Leaving out every image, restate all the records word for word.
DATASET Block Start
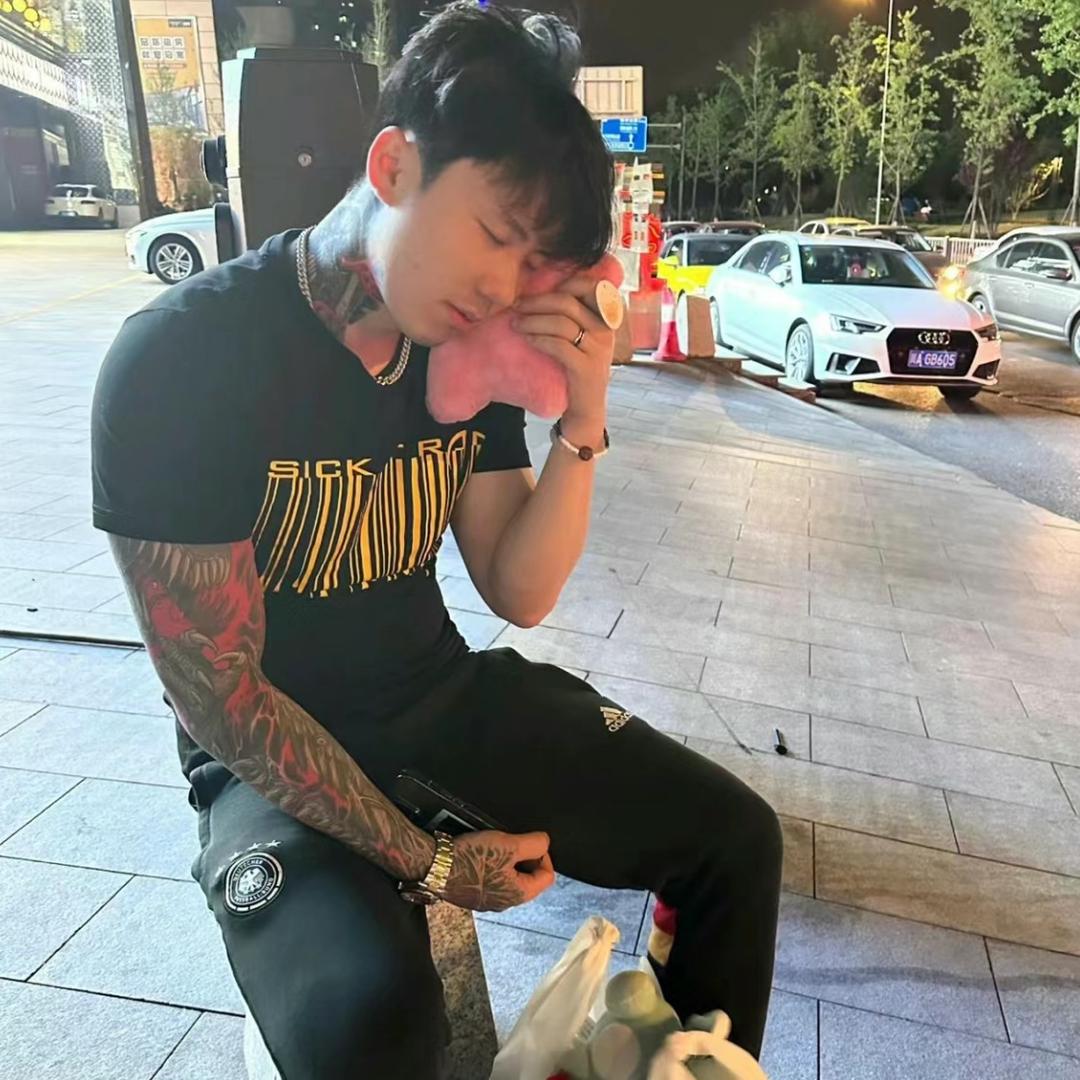 天下乌鸦一般黑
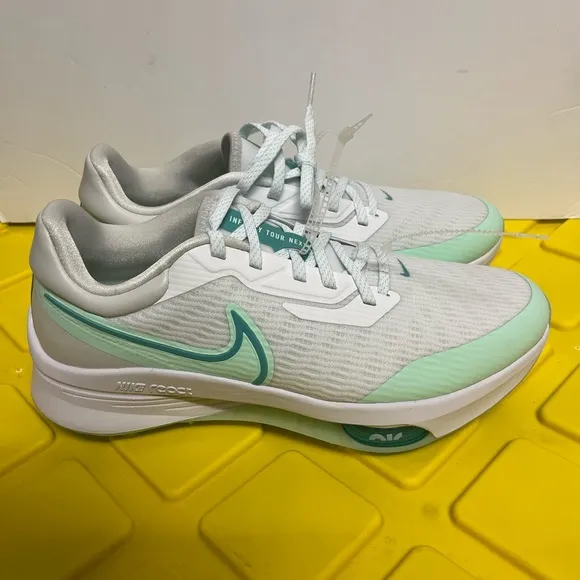 Nike Air Zoom Infinity TOUR Next% Golf Shoes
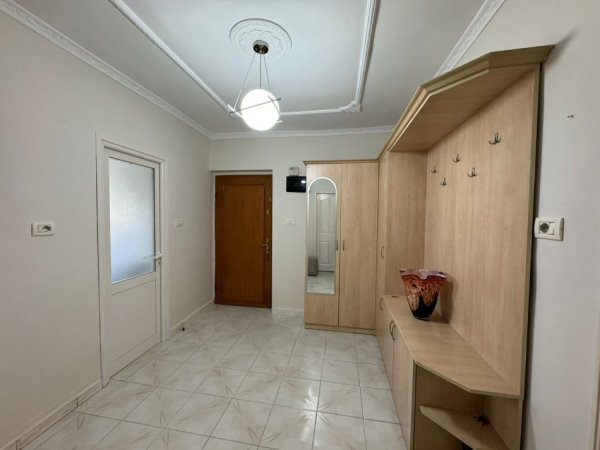 Tirane, jepet me qera apartament 2+1 Kati 3, 98 m² 700 € (Bulevardi Zogu I, Tiranë 1001, Shqipëri)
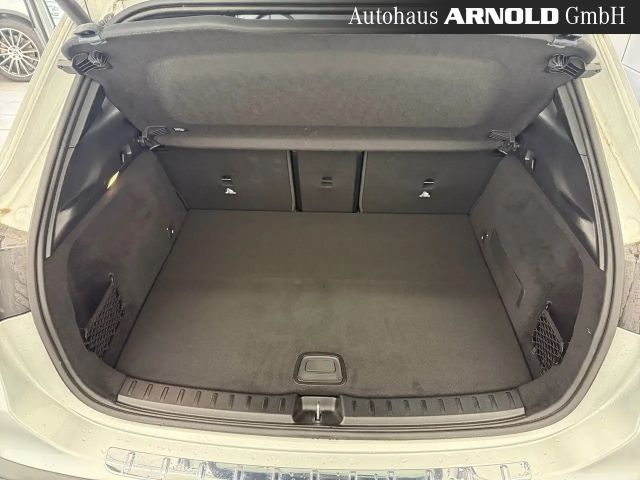 Mercedes-Benz EQA 300 4MATIC AMG Line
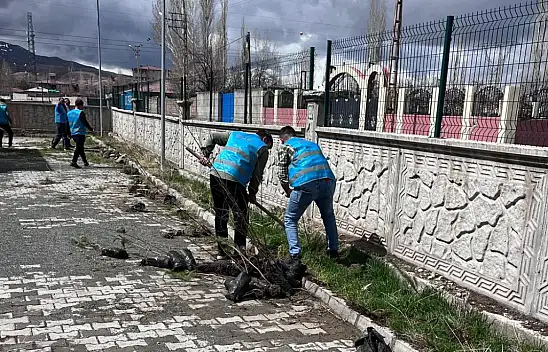 Doğubayazıt'ta 'Geleceğe Nefes' etkinliğinde okul bahçelerine 100 fidan dikildi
DATASET Block End
RESULT:
 天下乌鸦一般黑
 Nike Air Zoom Infinity TOUR Next% Golf Shoes
 Tirane, jepet me qera apartament 2+1 Kati 3, 98 m² 700 € (Bulevardi Zogu I, Tiranë 1001, Shqipëri)
 Mercedes-Benz EQA 300 4MATIC AMG Line
 Doğubayazıt'ta 'Geleceğe Nefes' etkinliğinde okul bahçelerine 100 fidan dikildi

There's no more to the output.